The two-time and defending NASCAR Cup Series champion turned his first laps in the AIM Vasser Sullivan-run Lexus in Friday’s opening test session at the Roar Before the Rolex 24
While co-driver Jack Hawksworth posted the quickest time of the GT Daytona class in the session, Busch came within 1.5 seconds of the Englishman after completing just 14 laps in the car.
“Jack did the first run and had an opportunity to shake it down a bit and I got my turn at the wheel and was able to run some pretty decent times… that’s what the guys said anyway,” Busch said.
“I haven’t seen a lot of the data or the lap times but there’s certainly a lot to improve on still.
“I’ve got my NASCAR driving techniques embedded in my brain and I’ve got to get rid of those a bit more.
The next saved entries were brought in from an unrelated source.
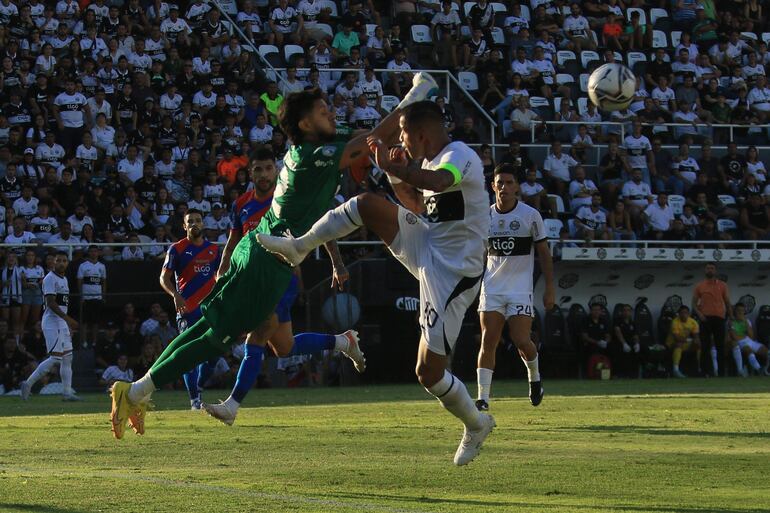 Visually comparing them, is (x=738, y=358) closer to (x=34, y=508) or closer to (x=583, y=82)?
(x=583, y=82)

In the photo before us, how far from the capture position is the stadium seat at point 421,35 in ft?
104

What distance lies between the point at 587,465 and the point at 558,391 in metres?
11.2

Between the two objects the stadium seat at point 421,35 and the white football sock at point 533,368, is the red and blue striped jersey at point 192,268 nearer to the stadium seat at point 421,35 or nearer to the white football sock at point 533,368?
the white football sock at point 533,368

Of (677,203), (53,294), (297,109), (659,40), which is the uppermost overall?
(297,109)

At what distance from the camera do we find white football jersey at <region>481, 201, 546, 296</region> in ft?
49.3

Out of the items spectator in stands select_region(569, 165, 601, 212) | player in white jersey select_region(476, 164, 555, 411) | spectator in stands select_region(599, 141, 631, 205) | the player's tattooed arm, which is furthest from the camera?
spectator in stands select_region(599, 141, 631, 205)

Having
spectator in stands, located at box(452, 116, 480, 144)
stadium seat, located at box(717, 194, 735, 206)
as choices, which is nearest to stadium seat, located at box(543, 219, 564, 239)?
spectator in stands, located at box(452, 116, 480, 144)

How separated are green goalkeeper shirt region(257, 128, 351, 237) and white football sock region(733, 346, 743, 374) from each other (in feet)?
63.6

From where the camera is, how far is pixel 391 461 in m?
9.88

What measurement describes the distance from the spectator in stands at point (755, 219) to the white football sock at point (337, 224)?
2142cm

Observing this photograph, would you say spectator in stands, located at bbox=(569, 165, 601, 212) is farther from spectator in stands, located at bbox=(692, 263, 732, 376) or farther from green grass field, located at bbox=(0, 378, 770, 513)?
green grass field, located at bbox=(0, 378, 770, 513)

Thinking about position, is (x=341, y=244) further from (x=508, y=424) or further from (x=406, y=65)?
(x=508, y=424)

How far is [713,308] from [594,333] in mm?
2657

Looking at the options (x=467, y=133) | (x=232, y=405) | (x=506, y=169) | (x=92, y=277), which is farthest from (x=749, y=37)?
(x=232, y=405) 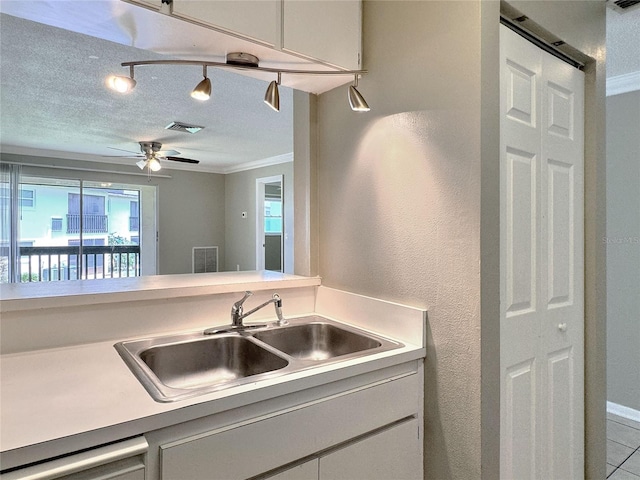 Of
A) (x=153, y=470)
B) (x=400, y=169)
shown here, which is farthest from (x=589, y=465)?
(x=153, y=470)

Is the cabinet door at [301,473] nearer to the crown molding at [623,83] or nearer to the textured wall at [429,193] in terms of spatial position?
the textured wall at [429,193]

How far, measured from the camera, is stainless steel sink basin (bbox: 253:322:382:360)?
160 centimetres

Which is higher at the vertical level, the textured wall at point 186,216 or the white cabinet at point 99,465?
the textured wall at point 186,216

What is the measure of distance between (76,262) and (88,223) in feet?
2.11

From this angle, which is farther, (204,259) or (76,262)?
(204,259)

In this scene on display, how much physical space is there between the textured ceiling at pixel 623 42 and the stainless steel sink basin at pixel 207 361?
8.10ft

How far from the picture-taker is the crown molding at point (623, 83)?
253 cm

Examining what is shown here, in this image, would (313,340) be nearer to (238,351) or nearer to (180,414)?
(238,351)

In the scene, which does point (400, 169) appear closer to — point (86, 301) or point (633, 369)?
point (86, 301)

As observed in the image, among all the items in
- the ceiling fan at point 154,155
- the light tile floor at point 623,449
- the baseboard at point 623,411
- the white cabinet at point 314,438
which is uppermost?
the ceiling fan at point 154,155

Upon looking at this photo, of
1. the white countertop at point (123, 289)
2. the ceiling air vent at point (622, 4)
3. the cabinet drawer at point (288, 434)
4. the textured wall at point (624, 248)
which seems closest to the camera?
the cabinet drawer at point (288, 434)

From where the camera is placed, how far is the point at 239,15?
4.33 feet

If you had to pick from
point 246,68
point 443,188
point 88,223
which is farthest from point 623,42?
point 88,223

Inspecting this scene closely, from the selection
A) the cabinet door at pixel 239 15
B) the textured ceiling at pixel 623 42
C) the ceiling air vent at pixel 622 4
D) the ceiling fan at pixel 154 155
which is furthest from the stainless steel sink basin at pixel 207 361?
the ceiling fan at pixel 154 155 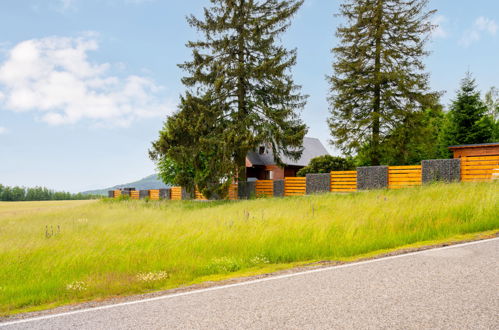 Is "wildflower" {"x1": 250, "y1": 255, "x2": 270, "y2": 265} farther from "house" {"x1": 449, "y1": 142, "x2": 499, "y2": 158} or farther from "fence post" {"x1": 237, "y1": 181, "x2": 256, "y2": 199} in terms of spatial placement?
"house" {"x1": 449, "y1": 142, "x2": 499, "y2": 158}

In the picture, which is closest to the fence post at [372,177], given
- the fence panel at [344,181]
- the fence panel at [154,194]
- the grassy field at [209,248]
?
the fence panel at [344,181]

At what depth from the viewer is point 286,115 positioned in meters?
26.5

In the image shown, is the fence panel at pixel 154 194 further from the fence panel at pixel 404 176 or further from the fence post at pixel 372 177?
the fence panel at pixel 404 176

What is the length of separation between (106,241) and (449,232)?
888cm

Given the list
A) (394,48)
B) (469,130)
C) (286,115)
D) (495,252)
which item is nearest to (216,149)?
(286,115)

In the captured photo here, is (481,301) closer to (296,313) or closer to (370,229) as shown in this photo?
(296,313)

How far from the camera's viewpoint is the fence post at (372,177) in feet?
71.2

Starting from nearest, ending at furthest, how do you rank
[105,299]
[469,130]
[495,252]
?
[105,299] < [495,252] < [469,130]

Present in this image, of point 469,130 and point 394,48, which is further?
point 469,130

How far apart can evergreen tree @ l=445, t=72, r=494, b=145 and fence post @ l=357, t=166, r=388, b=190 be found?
72.8 ft

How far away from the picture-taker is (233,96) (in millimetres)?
27500

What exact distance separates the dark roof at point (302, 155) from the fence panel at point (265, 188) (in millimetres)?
10971

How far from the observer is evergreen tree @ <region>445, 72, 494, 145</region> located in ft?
125

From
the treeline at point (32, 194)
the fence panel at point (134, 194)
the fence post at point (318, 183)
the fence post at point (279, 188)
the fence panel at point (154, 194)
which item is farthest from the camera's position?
the treeline at point (32, 194) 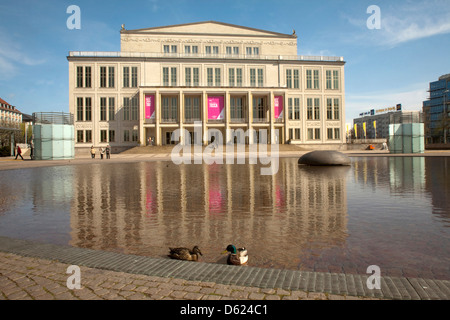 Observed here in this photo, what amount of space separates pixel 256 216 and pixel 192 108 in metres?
55.0

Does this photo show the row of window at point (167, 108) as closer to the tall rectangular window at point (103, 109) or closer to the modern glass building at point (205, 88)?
the tall rectangular window at point (103, 109)

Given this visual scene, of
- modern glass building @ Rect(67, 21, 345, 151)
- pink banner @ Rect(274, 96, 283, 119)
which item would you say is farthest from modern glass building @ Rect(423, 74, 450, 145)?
pink banner @ Rect(274, 96, 283, 119)

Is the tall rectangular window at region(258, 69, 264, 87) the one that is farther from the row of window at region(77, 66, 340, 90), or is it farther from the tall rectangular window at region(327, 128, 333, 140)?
the tall rectangular window at region(327, 128, 333, 140)

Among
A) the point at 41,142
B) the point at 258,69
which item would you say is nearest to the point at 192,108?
the point at 258,69

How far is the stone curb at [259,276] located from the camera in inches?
114

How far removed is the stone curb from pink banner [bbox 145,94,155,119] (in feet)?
175

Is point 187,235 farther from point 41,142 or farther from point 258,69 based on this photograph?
point 258,69

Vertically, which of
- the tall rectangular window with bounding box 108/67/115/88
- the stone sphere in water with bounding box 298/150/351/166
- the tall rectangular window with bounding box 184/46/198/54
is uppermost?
the tall rectangular window with bounding box 184/46/198/54

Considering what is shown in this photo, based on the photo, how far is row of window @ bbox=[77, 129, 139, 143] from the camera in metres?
59.3

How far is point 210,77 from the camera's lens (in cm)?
6203

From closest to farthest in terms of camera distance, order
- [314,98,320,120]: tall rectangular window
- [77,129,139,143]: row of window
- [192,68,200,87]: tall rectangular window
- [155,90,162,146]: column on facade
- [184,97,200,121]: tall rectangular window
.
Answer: [155,90,162,146]: column on facade → [77,129,139,143]: row of window → [184,97,200,121]: tall rectangular window → [192,68,200,87]: tall rectangular window → [314,98,320,120]: tall rectangular window

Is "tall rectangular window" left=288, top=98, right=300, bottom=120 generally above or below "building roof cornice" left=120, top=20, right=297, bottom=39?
below

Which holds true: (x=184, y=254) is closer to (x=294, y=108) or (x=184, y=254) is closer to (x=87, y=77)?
(x=87, y=77)

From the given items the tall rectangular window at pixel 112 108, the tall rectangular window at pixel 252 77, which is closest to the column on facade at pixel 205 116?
the tall rectangular window at pixel 252 77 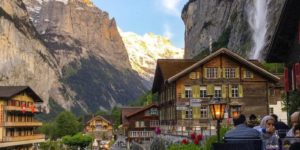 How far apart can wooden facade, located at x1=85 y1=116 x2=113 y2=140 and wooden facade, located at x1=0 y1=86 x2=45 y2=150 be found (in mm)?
71700

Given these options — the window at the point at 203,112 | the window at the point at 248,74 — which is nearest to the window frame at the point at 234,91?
the window at the point at 248,74

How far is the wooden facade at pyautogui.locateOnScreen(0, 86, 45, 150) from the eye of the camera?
70.4 metres

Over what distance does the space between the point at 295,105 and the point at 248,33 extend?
3504 inches

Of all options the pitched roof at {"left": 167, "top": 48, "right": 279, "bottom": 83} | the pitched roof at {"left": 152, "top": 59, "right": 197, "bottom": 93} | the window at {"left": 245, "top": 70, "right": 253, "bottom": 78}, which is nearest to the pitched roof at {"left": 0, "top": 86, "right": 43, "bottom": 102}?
the pitched roof at {"left": 152, "top": 59, "right": 197, "bottom": 93}

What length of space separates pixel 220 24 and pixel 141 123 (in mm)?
63367

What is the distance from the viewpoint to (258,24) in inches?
4370

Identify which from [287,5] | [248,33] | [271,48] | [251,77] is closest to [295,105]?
[271,48]

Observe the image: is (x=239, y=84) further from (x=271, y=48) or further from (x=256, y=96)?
(x=271, y=48)

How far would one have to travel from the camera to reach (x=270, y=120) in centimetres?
1202

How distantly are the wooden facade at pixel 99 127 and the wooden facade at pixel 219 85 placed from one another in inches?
4302

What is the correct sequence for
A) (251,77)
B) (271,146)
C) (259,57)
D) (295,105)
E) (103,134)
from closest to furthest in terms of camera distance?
(271,146) → (295,105) → (251,77) → (259,57) → (103,134)

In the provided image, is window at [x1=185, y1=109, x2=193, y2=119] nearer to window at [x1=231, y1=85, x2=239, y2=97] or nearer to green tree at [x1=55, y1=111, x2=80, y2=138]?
window at [x1=231, y1=85, x2=239, y2=97]

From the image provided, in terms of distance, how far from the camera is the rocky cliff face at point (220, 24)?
107750 mm

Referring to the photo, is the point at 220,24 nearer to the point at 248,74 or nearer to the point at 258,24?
the point at 258,24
I’m getting more accustomed to what this car can take and what the driving techniques are.
“There are certainly a lot of differences between the two vehicles.”
Busch said the braking ability of the Lexus, which features ABS, has been the “biggest adjustment” he’s had to make compared to the 3,500-pound Toyota Camry NASCAR Cup entry.
“I’m used to our big, heavy stock cars where you have to start the slow-down process way early and the braking zone lasts forever,” he said.
“By the time you turn in, you’ve got to be off the brakes because otherwise the inside wheels will lock up and you’ll skid the tires.
“We also have to take care of the brakes on the Cup cars because the cars are so heavy. You can really overheat them and create soft-pedal and things like that.
“There are completely different techniques you have to work with on these cars.
“You can drive the snot out of them. You can just throw it into the corners as hard as you feel like you can get in there and stomp the pedal as hard as your left will allow you to do it.
“It’s completely different in that aspect, but lines and driving around the track is pretty relative to what the car feels like for its weight.
“I was definitely getting more comfortable and pushing more and more.
“On my last lap, I threw it into the Bus Stop 50 feet past where Jack was. That was too far.
“In the next session, I can get my chance to fine-tune my marks a little bit more and get more finesse.”
Busch, who will share the No. 14 Lexus with Hawksworth, Parker Chase and Michael de Quesada in the IMSA WeatherTech SportsCar Championship season-opener, said he was also surprised by the lack of setup options.
FIA GT3 regulations limit the level of adjustments compared to other platforms.
“I’m already trying to set up the car,” Busch said. “We’re talking about the car, it’s got understeer here and oversteer here. Those sorts of things.
“I suggested us going softer and they said, ‘It’s as soft as we can get’. So I said, ‘Well that ain’t soft enough!’
“So there are definitely some things to these cars and what these guys are doing that I feel like the NASCAR teams and engineers are pretty sophisticated and advanced.
“These guys are pretty smart too, but I don’t think I’ve ever heard that we’re as soft as we can go.
“You always think of different ways of being able to engineer something.
“Obviously, there’s a rulebook as well, so I have no familiarity with anything of that, so I could be totally off-base to what my team knows.”